小野口の伝承(7)

遠州山辺の道の会

2014年04月18日 08:00

機織池(ハタマガイケ)

山林に、はたまがいけと言う池があります。


今は、池の直ぐそばを、舗装された道路が出来て、ひっきりなしに車の行き交う騒がしい場所になりましたが、このお話の頃は、周囲を緑の木立に囲まれ、三方原台地の湧水を湛えた静かな綺麗な池でした。

この池には、美しく優しい女の神様が住んでいました。神様は、いつも、機を織っているのでしょう。池のそばに近づくと「かたん・つー、かたん・つー」と、機を織る音が響いていたので、誰言うとなく、機織池(はたまがいけ)と呼ぶようになりました。

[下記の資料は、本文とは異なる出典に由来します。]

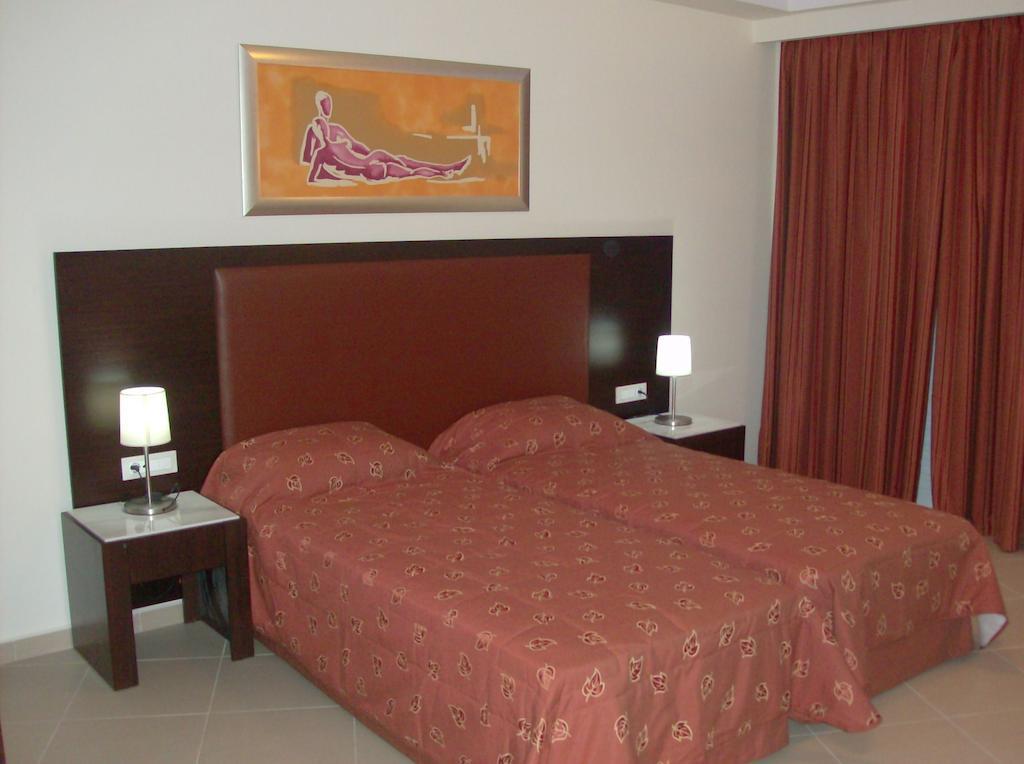 Vivian Hotel Laganas Habitación foto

神様は本当に優しい神様で、村人が困った事や、難しい事を相談すると、快く、引き受けてくれました。
明日寄り合いがあるのに、食器が足りないなどというときは、池のほとりに立って、お願いすると、次の日、必要なだけの食器が届けられました。

あるとき横着な村人がお願いして食器を借りましたが、一つ壊してしまいました。一つくらい足りなくても判らないだろうと、足りないまま返したら、次からは、どんなにお願いしても願いは聞いて貰えなくなりました。